*Aim of the task:* Would you transcribe each entry that follows word for word, minus the images?

========

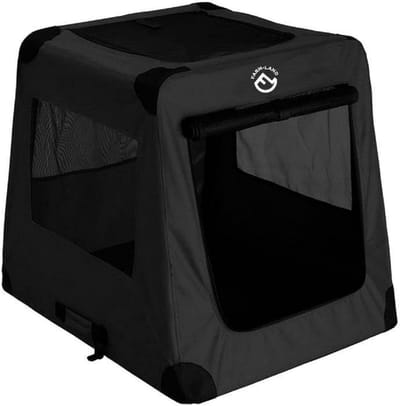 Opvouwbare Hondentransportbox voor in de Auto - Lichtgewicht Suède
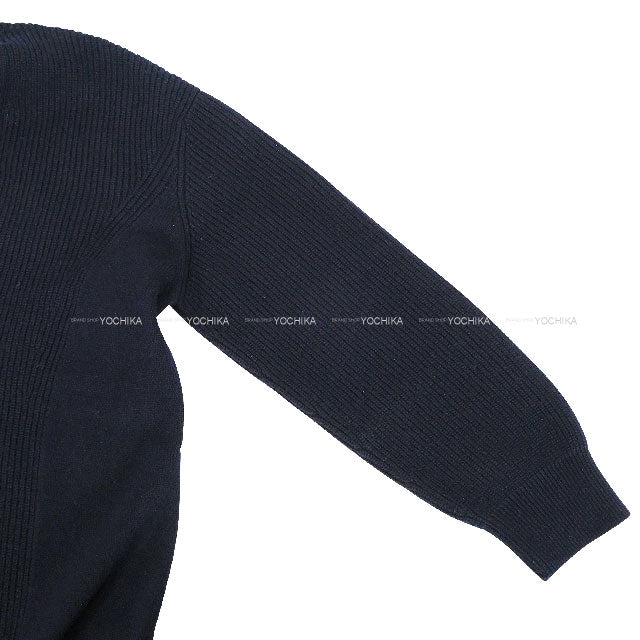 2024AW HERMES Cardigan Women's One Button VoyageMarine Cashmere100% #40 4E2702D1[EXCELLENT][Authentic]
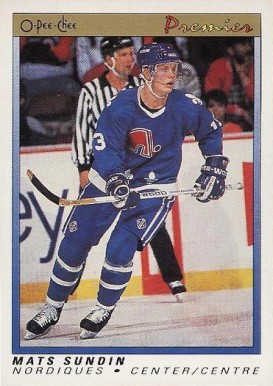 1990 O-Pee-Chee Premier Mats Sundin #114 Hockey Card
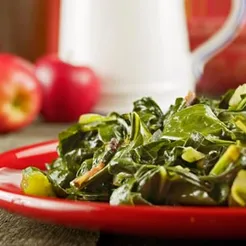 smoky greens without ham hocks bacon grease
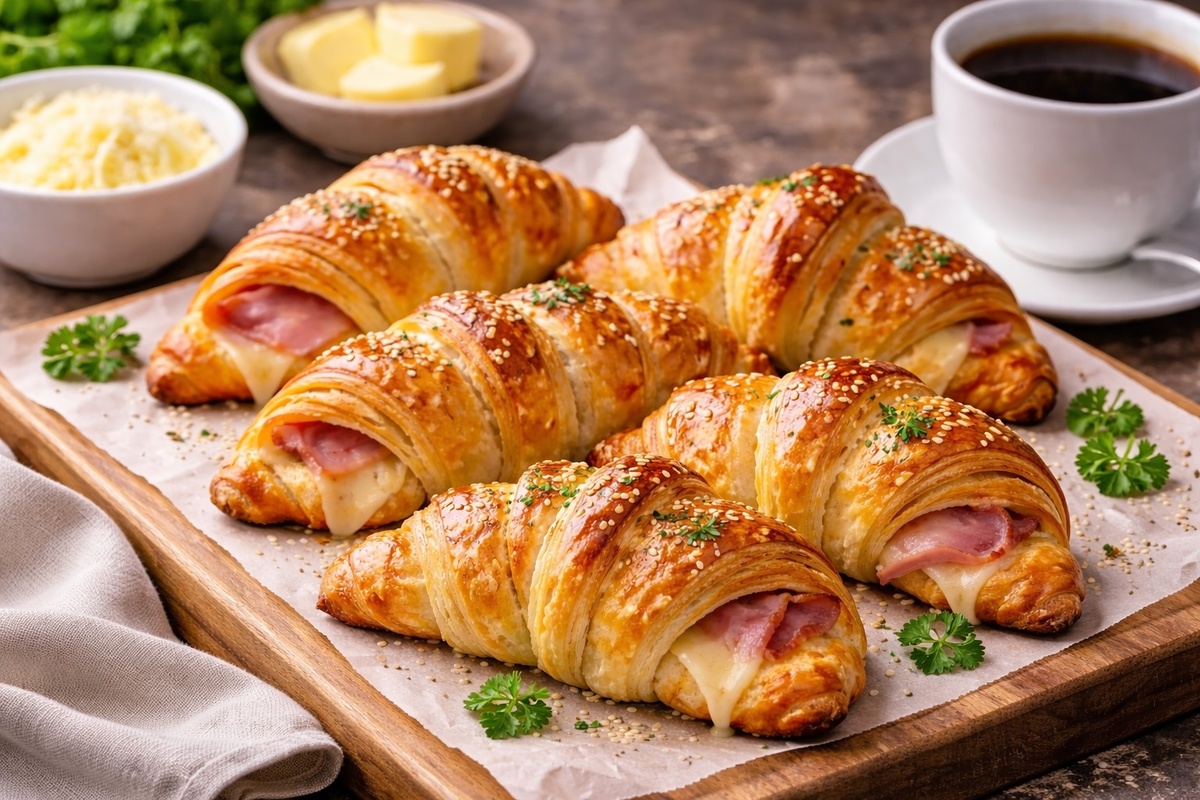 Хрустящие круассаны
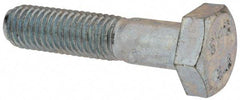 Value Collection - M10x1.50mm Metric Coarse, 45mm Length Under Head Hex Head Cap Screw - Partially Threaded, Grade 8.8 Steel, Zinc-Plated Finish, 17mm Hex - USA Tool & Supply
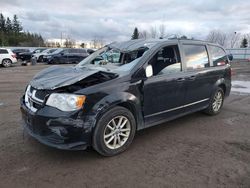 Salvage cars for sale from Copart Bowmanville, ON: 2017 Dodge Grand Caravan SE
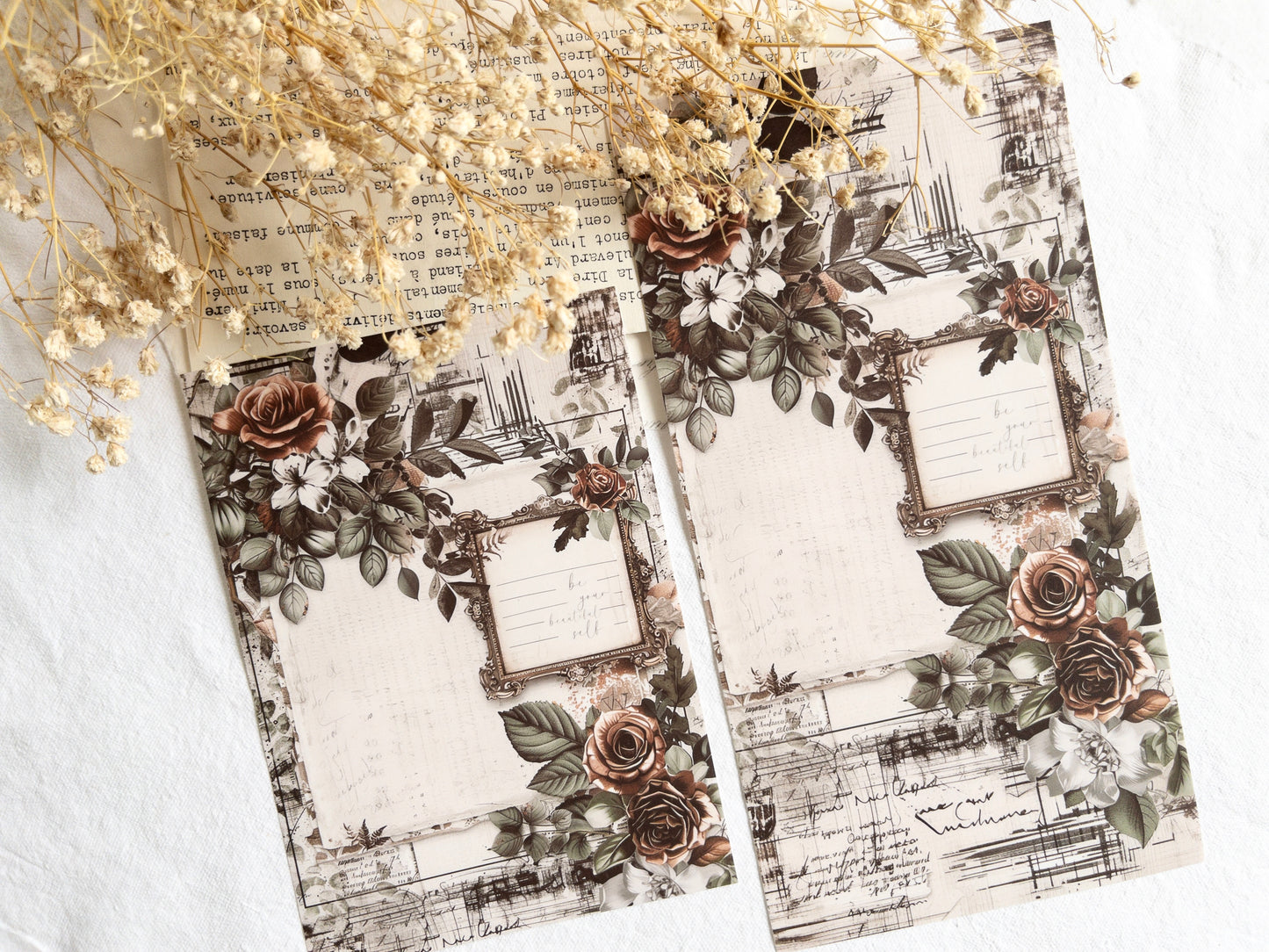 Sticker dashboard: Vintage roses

========

*Answer to this exercise:*
 Opvouwbare Hondentransportbox voor in de Auto - Lichtgewicht Suède
 2024AW HERMES Cardigan Women's One Button VoyageMarine Cashmere100% #40 4E2702D1[EXCELLENT][Authentic]
 1990 O-Pee-Chee Premier Mats Sundin #114 Hockey Card
 smoky greens without ham hocks bacon grease
 Хрустящие круассаны
 Value Collection - M10x1.50mm Metric Coarse, 45mm Length Under Head Hex Head Cap Screw - Partially Threaded, Grade 8.8 Steel, Zinc-Plated Finish, 17mm Hex - USA Tool & Supply
 Salvage cars for sale from Copart Bowmanville, ON: 2017 Dodge Grand Caravan SE
 Sticker dashboard: Vintage roses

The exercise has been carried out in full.